The US is now trying to reverse that situation with military force and political interference in the Americas, with the biggest US military buildup in the Caribbean Sea in generations.

It has been cheered by a handful of rightwing regional leaders, such as Argentina’s Javier Milei, who relies on US financial support to stabilise his country’s currency, and Ecuador’s president, the tycoon Daniel Noboa, who is trying to weaken limits on extractive activities in his country and wants to construct a US military base on the Galápagos Islands, a Unesco world heritage site and biosphere reserve.

Military vehicles park on the Tienditas Bridge crossing between Venezuela and Colombia after the US strikes. Photograph: Luisa González/Reuters

A very different response was expressed by the governments of Mexico, Brazil, Colombia, Uruguay and Cuba, who condemned the US muscle flexing as a challenge to regional stability. Several of their leaders, many of whom are trying to engage in multinational efforts to deal with the climate and nature crisis, have expressed fears that Washington will now try to interfere in their domestic politics.

The Colombian president, Gustavo Petro, a global climate champion, has mobilised armed forces to his country’s border with Venezuela after the US strikes and vowed to take up arms if the threats intensify. He is up for re-election this year, and supporters say he is already the target of a misinformation and intimidation campaign by the White House.

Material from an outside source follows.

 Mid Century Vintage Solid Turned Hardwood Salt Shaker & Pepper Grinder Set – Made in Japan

“Colombia is very sick too, run by a sick man who likes making cocaine and selling it to the US,” Trump said in the wake of Maduro’s kidnapping, without providing any evidence of the allegation. “He’s not going to be doing it very long.” Along with Cuba and Greenland, this puts Colombia high on the list of where the US might target next.

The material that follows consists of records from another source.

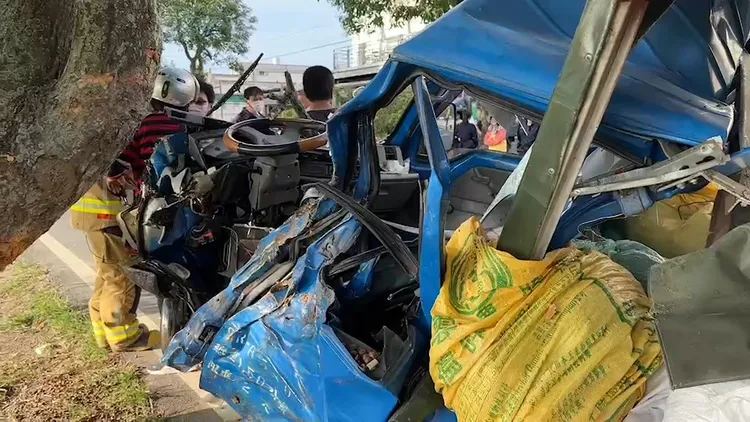 老農的小貨車猛撞路樹，車體扭曲變形毀損。民眾提供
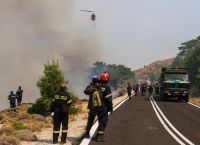 Μάχη με τις φλόγες σε πολλά μέτωπα: Κρίσιμη η κατάσταση σε Αχαΐα, Χίο, Πρέβεζα, Ζάκυνθο και Κεφαλονιά Μάχη με τις φλόγες σε πολλά μέτωπα: Κρίσιμη η κατάσταση σε Αχαΐα, Χίο, Πρέβεζα, Ζάκυνθο και Κεφαλονιά
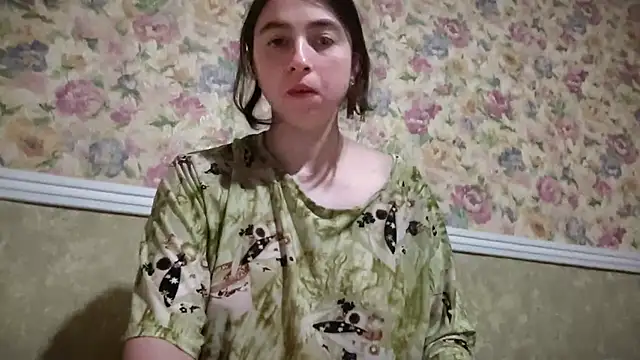 Snapshot of Aphr0ditee chatting on 07-24-26, 06:17 Aphr0ditee online show from 07-24-26, 06:17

Brazil’s leftwing president, Luiz Inácio Lula da Silva, who also faces re-election this year, has already felt Trump’s wrath. Last year, Lula criticised the US leader for behaving like an emperor. Trump responded by raising US tariffs on Brazilian goods to 50%. This backfired. Lula’s popularity rating improved as voters rallied against this threat to their nation. And US industries and hi-tech companies had to remind their president that they needed Brazil’s critical minerals.

This is, of course, not the first time the US has thrown its weight around in this region, but it takes place in a more dangerous context. The world faces an unprecedented threat from climate disruption and nature breakdown, which means it is more important than ever to protect biodiversity and ensure that the world’s limited supply of critical minerals is primarily used for the energy transition.

Many leaders in South America are trying to do this, but Trump is now using armed force to try to push the region in the opposite direction – to open the oil spigots wider and ensure rare earths and other important resources go north to the US, where they are likely to be used to strengthen the world’s biggest military, rather than west to China, the world’s biggest manufacturer of solar panels, windfarms and electric cars.

In terms of the wellbeing of the world and the majority of its people, this is clearly a horrifying mistake. But the Trump administration has narrower goals. Its strategy document says the US priority is to secure the “God-given natural rights of its citizens”. Many of them will probably be appalled by this action, but a powerful elite around Trump is calling the shots. Rather than international cooperation on global challenges, they would rather build walls and asset-strip their neighbours for supplies.

This doomsday bunker mentality will be bad news for democracy, people and the environment. But it is far from certain of achieving its goals. South America will not easily accept being the pantry, mineral deposit and fuel tank of the Armageddon shelter in the north.